Flat White

What’s so bad about 457 visas?

21 April 2017

12:04 PM

21 April 2017

12:04 PM

Malcolm Turnbull claims the Government’s abolition of the 457 visa in favour of more stringent entry requirements for skilled migrants is designed to ‘put Australian workers first.’

‘This is about jobs for Australian.’ Turnbull boldly proclaimed. ‘The migration program should only operate in our national interest,’

Without doubting the political windfall of the government being seen to crack down on foreign workers snatching jobs from the hands of downtrodden Aussie workers, the government’s changes will do precisely zilch to improve Australia’s job market woes.

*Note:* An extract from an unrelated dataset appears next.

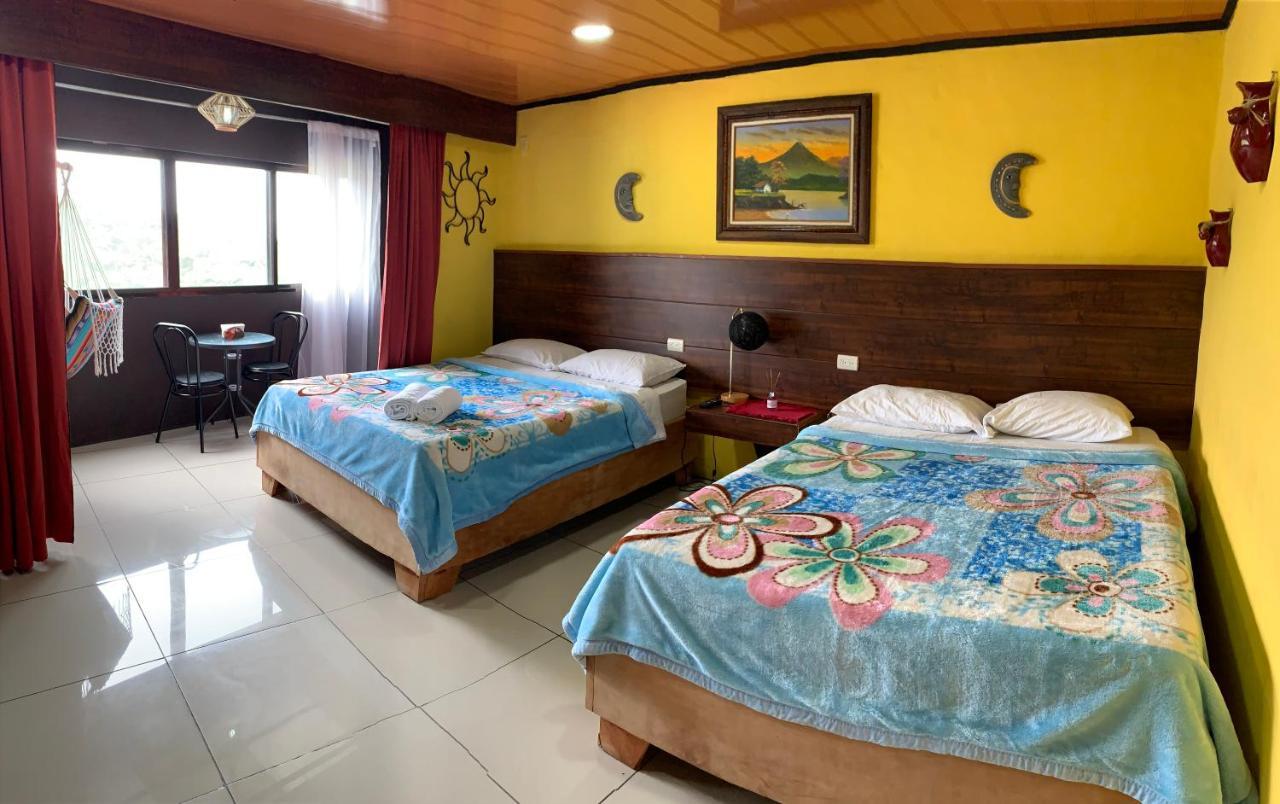 Cabinas Vista Al Golfo Couette-café 2*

Conservative aficionado Cory Bernardi was quick to claim credit for the changes while Unions NSW dubbed the move a ‘rebrand’ that was ‘tinkering at the edges’ of a broken system.

The latter is correct insofar as the changes are more about tightening the screws on the current system than the wholesale abolition of a skilled migrant intake. The number of occupations able to qualify for temporary work permits has been slashed, with pilots, butchers, public relations managers, radio journalists, web developers, among those culled. The visa itself has been divided into two categories; a two and four-year stay, with those in the former group barred from seeking permanent residency. The arduous and ineffective requirements that businesses conduct labour market testing and language tests have been retained, while the visa processing fee has been significantly bumped up. The much-vaunted abolition of the 457 category is a cosmetic touch that is more to do with salesmanship than substance.

Yet both Bernardi and the unions are completely wrongheaded in believing that accepting fewer skilled workers to our shores will be a boon for our own workforce.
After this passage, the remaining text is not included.